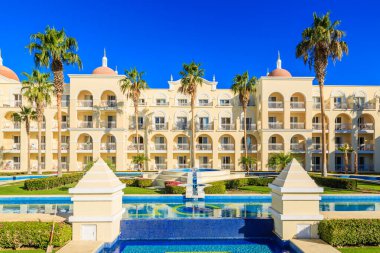 Önünde bir havuz ve palmiye ağaçları olan büyük bir bina. Binanın bir sürü penceresi ve balkonu var.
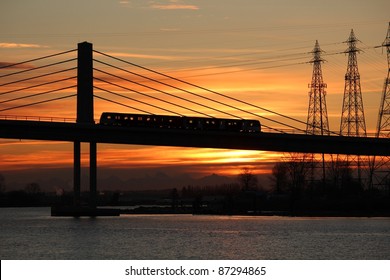 The new Canada Line, a rapid transit commuter train, crosses the Fraser River from Richmond and the airport into Vancouver at dawn. - Powered by Shutterstock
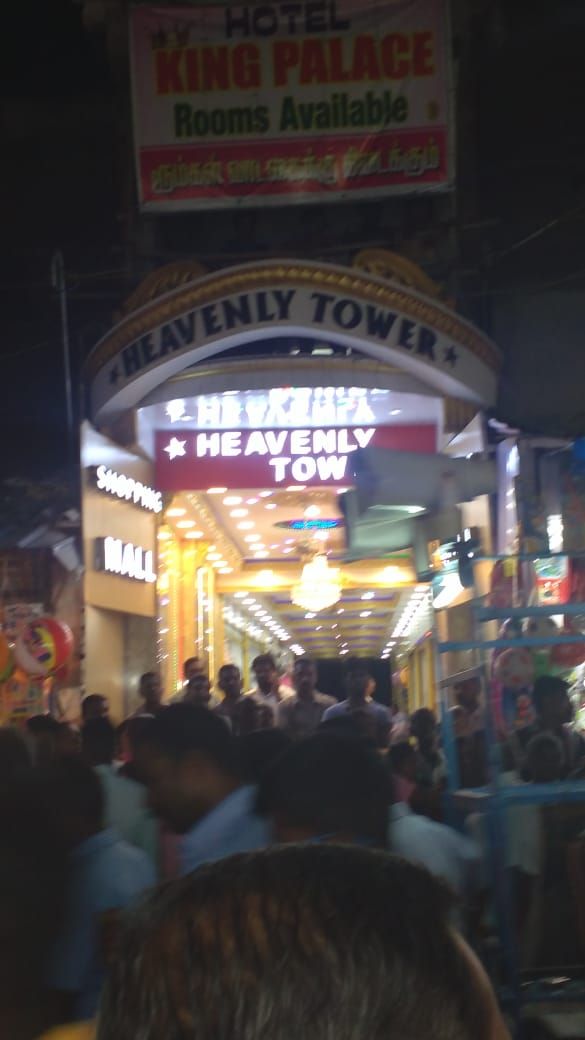 A crowded entrance to a hotel named "Heavenly Tower" with a sign indicating "Rooms Available".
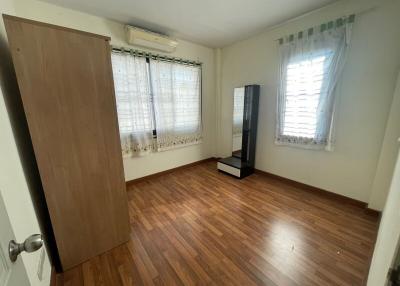 Spacious bedroom with wooden flooring and air-conditioning unit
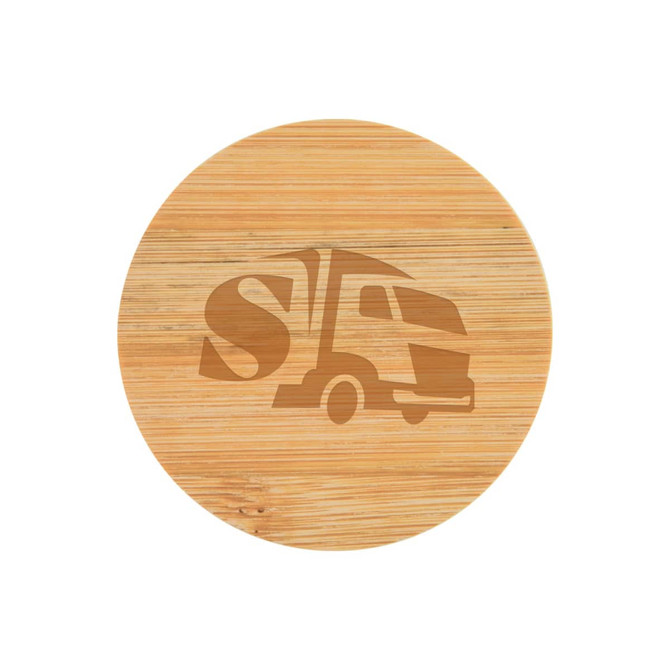 A round bamboo coaster with a truck logo etched on its surface.
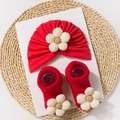 Detailed view of baby red turban hat and socks set with beige fabric flower accents - Red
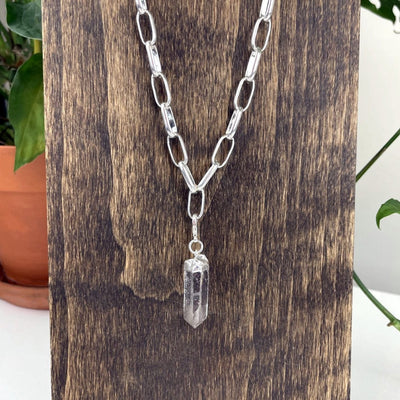 a crystal point charm on the silver charm necklace on a stand up close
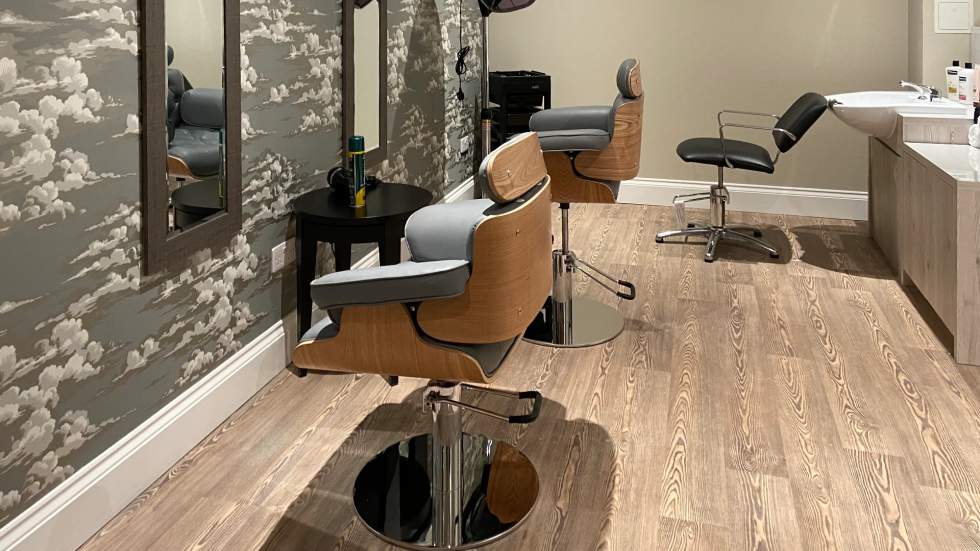 Hair salon area with modern styling chairs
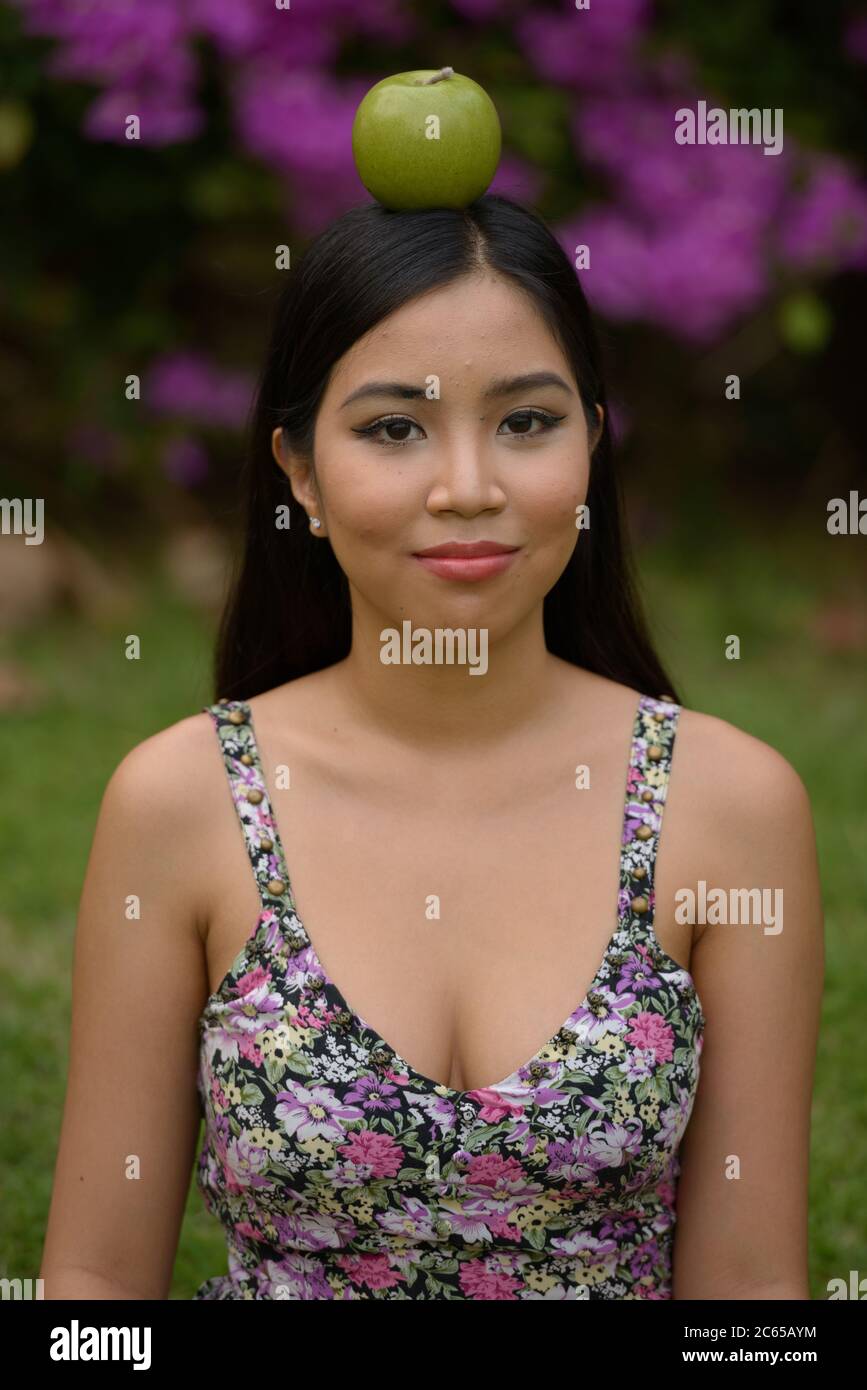 Portrait of young beautiful Asian woman at the park outdoors Stock ...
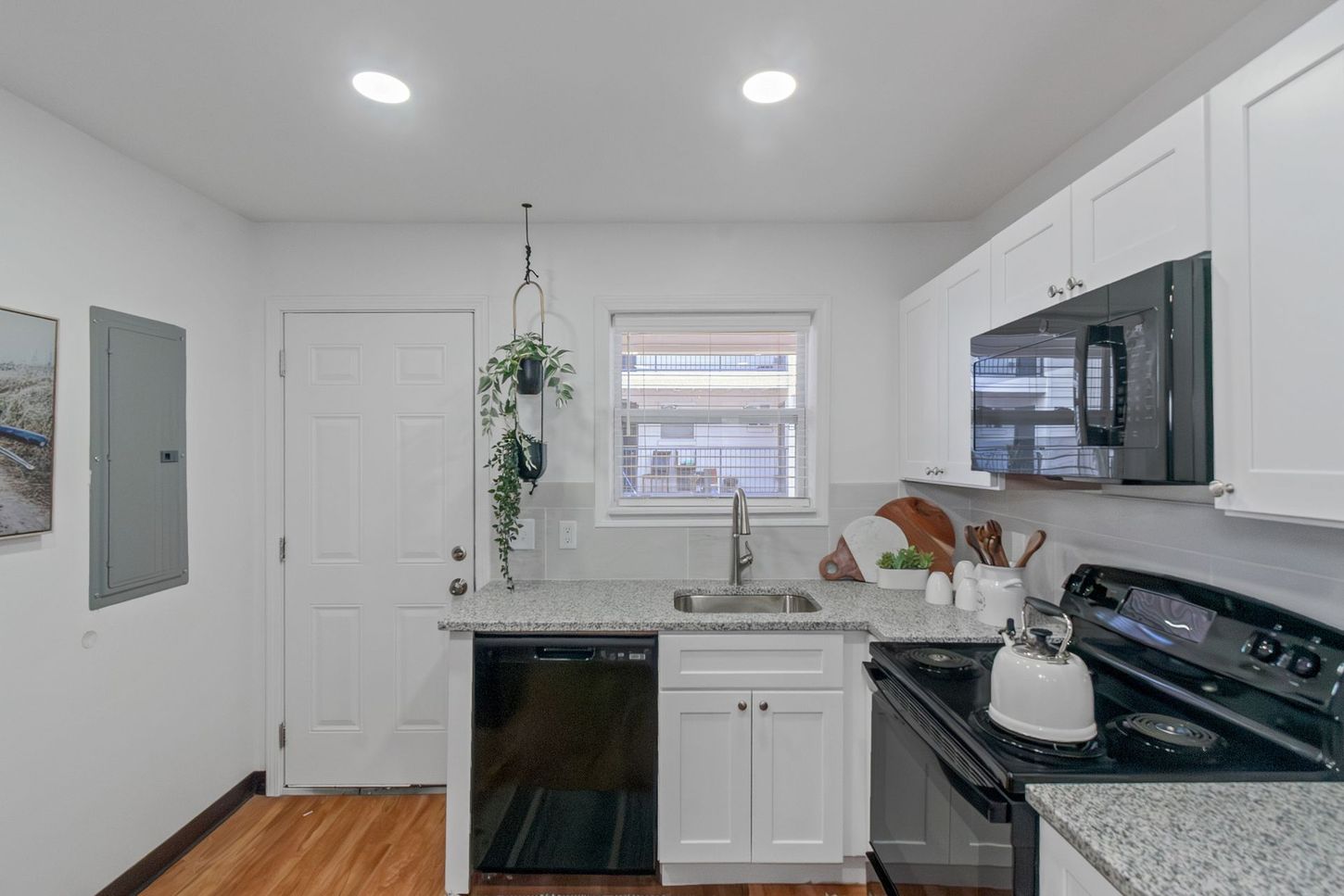 Bright white kitchen with black appliances, window over sink, and recessed ceiling lights.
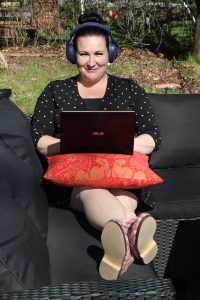 Jenny Nyman kannettavan tietokoneen kanssa puutarhassa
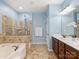 Bathroom with glass shower, soaking tub, and double vanity at 712 English Tudor Ln, Charlotte, NC 28211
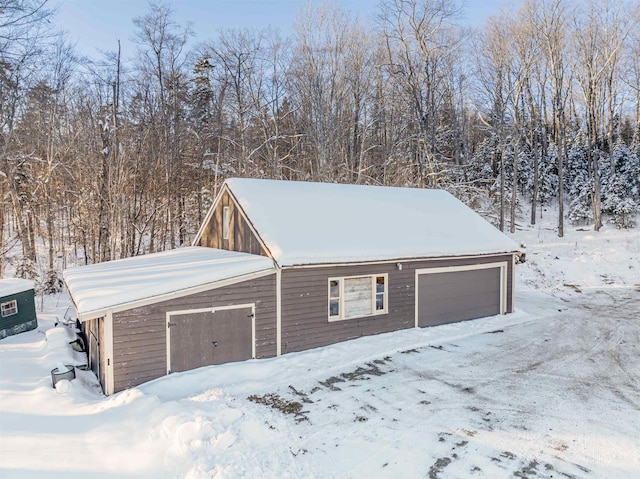 view of snow covered garage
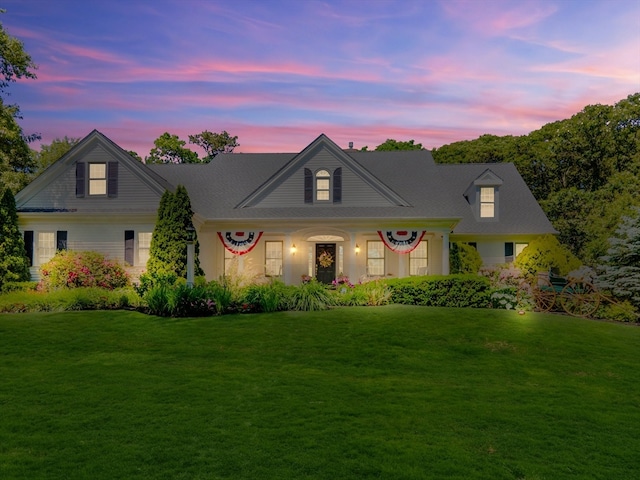 view of front of house featuring a lawn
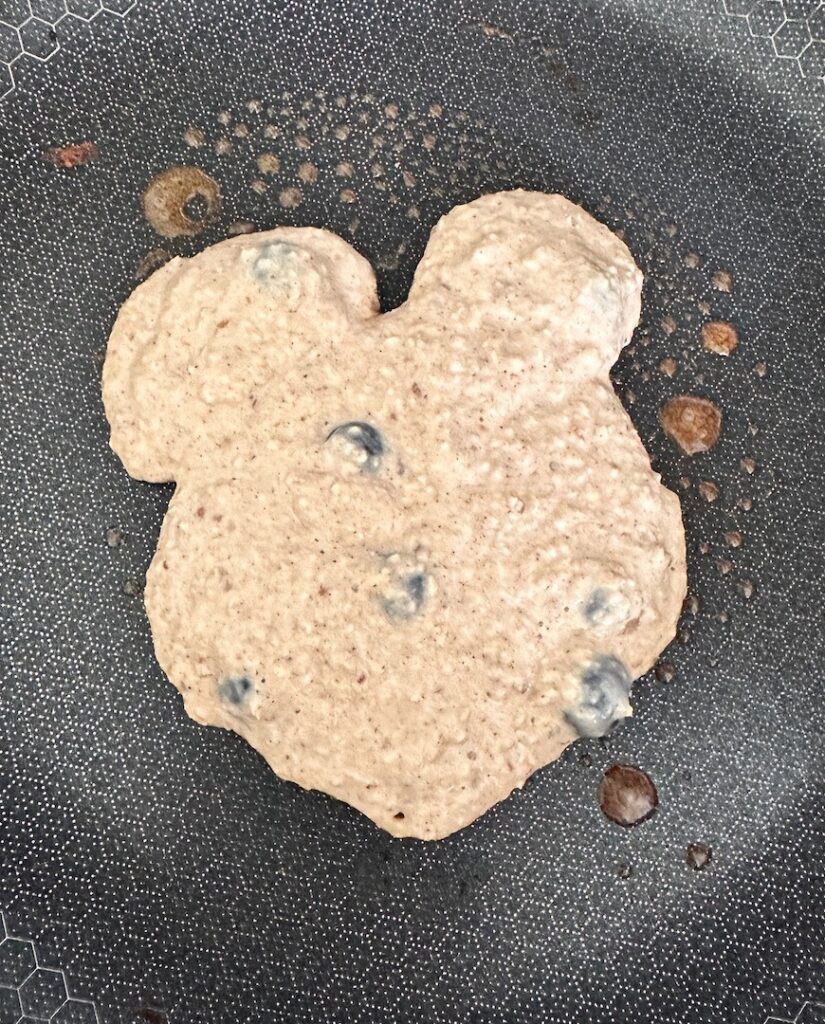 bear-shaped pancake cooking in a skillet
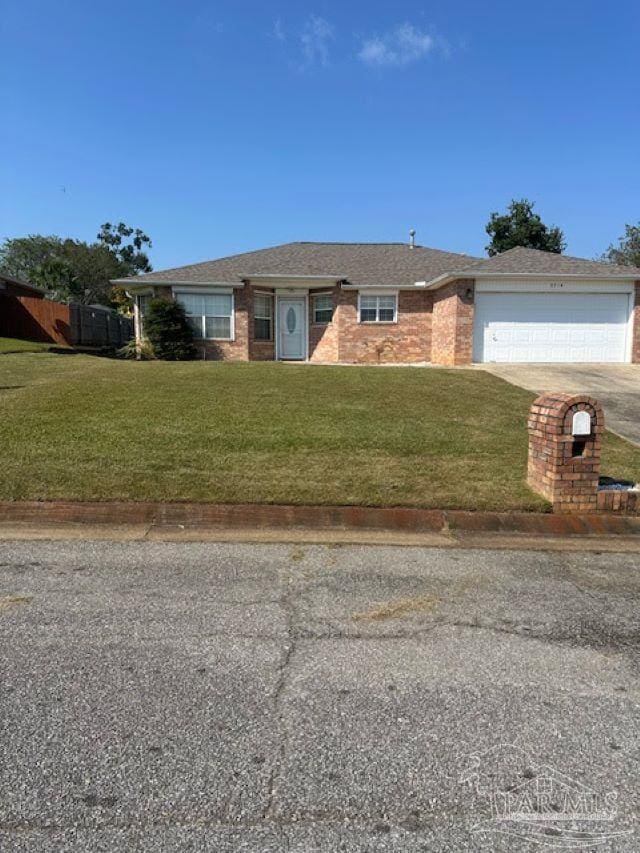 ranch-style house with a garage, brick siding, driveway, and a front lawn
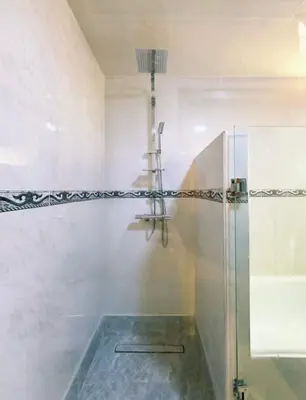 a bathroom with a shower with a glass shower stall at Villa Issil Peaceful Haven in Marrakech in Marrakech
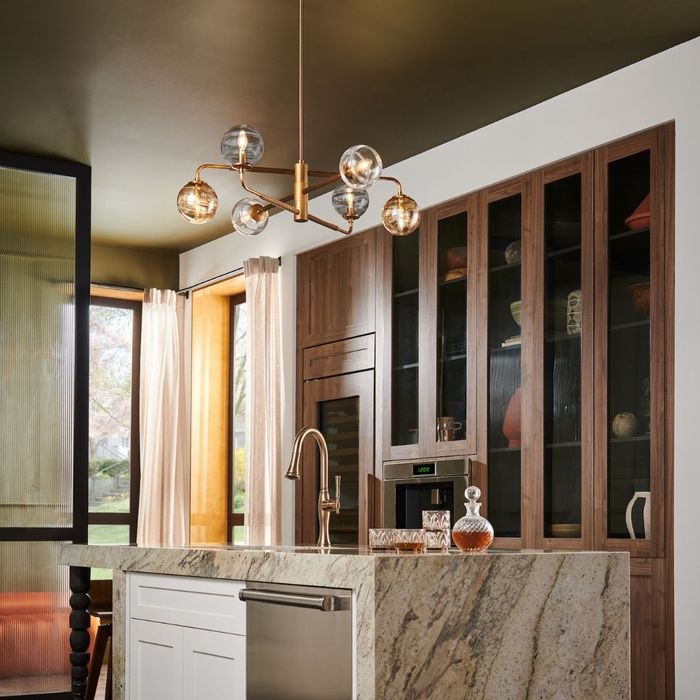 bronze chandelier in room with fall colors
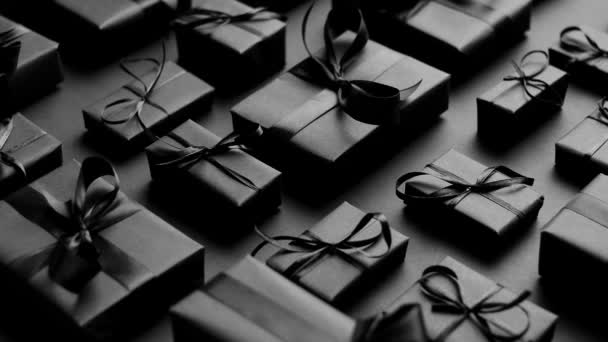 Elegancki czarny motyw świąteczny. Zapakowane prezenty w czarny matowy papier ze wstążką — Wideo stockowe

- Exercise objective
Starting at the line that contains "a crystal point", retype each line through the final one in the listing, with both ends kept and the pictures omitted.

- Response for this exercise
 a crystal point charm on the silver charm necklace on a stand up close
 Hair salon area with modern styling chairs
 Portrait of young beautiful Asian woman at the park outdoors Stock ...
 Bright white kitchen with black appliances, window over sink, and recessed ceiling lights.
 Jenny Nyman kannettavan tietokoneen kanssa puutarhassa
 Bathroom with glass shower, soaking tub, and double vanity at 712 English Tudor Ln, Charlotte, NC 28211
 view of snow covered garage
 view of front of house featuring a lawn
 bear-shaped pancake cooking in a skillet
 ranch-style house with a garage, brick siding, driveway, and a front lawn
 a bathroom with a shower with a glass shower stall at Villa Issil Peaceful Haven in Marrakech in Marrakech
 bronze chandelier in room with fall colors
 Elegancki czarny motyw świąteczny. Zapakowane prezenty w czarny matowy papier ze wstążką — Wideo stockowe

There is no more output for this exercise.